Same problem here after upgrading from F37 to F38.
So to be clear, installing 5.5.0-1.fc38 on an up-to-date Fedora 38 system does not work, but taking the same system and installing the rocm-opencl-5.4.3-2.fc37 package works? Just to confirm as well, can you get me the output of: sudo yum list installed rocm*
(In reply to Jeremy Newton from comment #2) > So to be clear, installing 5.5.0-1.fc38 on an up-to-date Fedora 38 system > does not work, but taking the same system and installing the > rocm-opencl-5.4.3-2.fc37 package works? > > Just to confirm as well, can you get me the output of: > > sudo yum list installed rocm* Right, this package ( rocm-opencl-5.4.3-2.fc37 ) work on the same system, i wasn't change system version, just install one package from F37 repo.

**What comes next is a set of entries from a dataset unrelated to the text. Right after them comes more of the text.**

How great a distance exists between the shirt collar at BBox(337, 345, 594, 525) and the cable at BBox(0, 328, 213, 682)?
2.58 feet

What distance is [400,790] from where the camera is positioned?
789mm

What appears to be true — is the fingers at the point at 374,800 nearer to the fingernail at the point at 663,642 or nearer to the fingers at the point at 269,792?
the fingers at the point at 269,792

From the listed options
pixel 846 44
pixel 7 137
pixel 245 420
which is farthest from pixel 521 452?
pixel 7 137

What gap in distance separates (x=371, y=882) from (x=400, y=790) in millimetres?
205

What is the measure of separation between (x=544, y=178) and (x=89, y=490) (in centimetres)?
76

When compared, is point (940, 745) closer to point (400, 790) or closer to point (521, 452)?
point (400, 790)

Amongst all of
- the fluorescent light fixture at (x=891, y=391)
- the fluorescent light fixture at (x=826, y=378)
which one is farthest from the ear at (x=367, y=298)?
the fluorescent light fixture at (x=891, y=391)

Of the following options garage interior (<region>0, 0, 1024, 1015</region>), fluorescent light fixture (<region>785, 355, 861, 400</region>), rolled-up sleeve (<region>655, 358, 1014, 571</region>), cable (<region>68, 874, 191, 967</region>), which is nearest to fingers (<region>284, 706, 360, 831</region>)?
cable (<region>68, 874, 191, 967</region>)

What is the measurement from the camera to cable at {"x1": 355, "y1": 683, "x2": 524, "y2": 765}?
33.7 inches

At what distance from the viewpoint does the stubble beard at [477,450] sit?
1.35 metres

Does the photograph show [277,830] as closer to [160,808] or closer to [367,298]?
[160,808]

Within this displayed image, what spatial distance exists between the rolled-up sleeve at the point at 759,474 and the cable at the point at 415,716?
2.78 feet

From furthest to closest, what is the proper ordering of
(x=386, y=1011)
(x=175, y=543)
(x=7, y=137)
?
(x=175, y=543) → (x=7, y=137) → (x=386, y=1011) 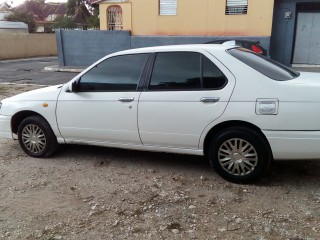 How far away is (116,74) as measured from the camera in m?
4.91

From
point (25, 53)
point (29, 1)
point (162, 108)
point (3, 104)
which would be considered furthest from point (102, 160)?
point (29, 1)

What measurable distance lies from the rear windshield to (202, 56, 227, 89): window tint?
31 cm

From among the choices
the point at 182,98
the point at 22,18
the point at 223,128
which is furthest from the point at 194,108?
the point at 22,18

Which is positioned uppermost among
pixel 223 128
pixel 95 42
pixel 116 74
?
pixel 116 74

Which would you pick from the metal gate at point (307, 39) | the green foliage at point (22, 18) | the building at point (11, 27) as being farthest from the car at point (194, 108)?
the green foliage at point (22, 18)

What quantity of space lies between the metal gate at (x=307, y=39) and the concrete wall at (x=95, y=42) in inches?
161

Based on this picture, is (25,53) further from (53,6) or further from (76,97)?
(53,6)

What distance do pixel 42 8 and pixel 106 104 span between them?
2252 inches

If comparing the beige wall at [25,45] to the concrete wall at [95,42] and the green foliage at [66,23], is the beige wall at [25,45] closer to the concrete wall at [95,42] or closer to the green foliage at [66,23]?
the green foliage at [66,23]

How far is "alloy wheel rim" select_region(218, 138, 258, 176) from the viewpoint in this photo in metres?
4.28

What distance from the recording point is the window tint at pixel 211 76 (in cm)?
434

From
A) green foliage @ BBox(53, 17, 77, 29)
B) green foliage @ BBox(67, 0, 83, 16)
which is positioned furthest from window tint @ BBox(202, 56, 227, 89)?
green foliage @ BBox(67, 0, 83, 16)

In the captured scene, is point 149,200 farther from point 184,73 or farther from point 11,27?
point 11,27

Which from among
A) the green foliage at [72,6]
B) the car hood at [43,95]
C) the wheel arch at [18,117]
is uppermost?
the green foliage at [72,6] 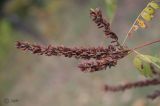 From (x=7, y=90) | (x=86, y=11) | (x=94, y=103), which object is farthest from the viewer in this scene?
(x=86, y=11)

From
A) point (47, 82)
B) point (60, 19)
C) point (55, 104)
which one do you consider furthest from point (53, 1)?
point (55, 104)

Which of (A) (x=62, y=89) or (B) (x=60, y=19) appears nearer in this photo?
(A) (x=62, y=89)

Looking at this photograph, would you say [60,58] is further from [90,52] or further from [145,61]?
[90,52]

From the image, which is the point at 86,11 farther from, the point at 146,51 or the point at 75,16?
the point at 146,51

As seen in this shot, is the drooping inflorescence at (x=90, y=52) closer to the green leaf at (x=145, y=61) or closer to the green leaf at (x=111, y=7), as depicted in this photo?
the green leaf at (x=145, y=61)

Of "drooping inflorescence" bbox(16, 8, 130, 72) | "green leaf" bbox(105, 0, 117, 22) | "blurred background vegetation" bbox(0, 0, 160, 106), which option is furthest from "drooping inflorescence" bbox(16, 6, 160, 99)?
"blurred background vegetation" bbox(0, 0, 160, 106)

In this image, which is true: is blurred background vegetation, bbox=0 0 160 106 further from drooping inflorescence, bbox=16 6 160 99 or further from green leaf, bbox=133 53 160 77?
drooping inflorescence, bbox=16 6 160 99

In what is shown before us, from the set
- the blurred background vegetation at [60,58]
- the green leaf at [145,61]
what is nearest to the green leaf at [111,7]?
the green leaf at [145,61]

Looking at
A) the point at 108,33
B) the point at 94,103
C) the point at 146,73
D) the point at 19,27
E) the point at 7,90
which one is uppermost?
the point at 19,27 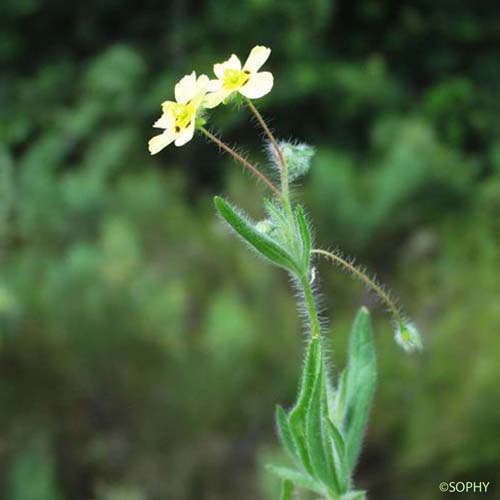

I can't right now give to you output from this command line, but i can tell u in 1000% that after this command : sudo dnf downgrade --releasever=37 rocm-opencl i have only this selected package to reinstall (which is rocm-opencl ), so rest of this package's dependency is stil the same as before, nothing else was changed, just rocm-opencl-5.5.0-1.fc38 to rocm-opencl-5.4.3-2.fc37. I hope now it's clear and understood.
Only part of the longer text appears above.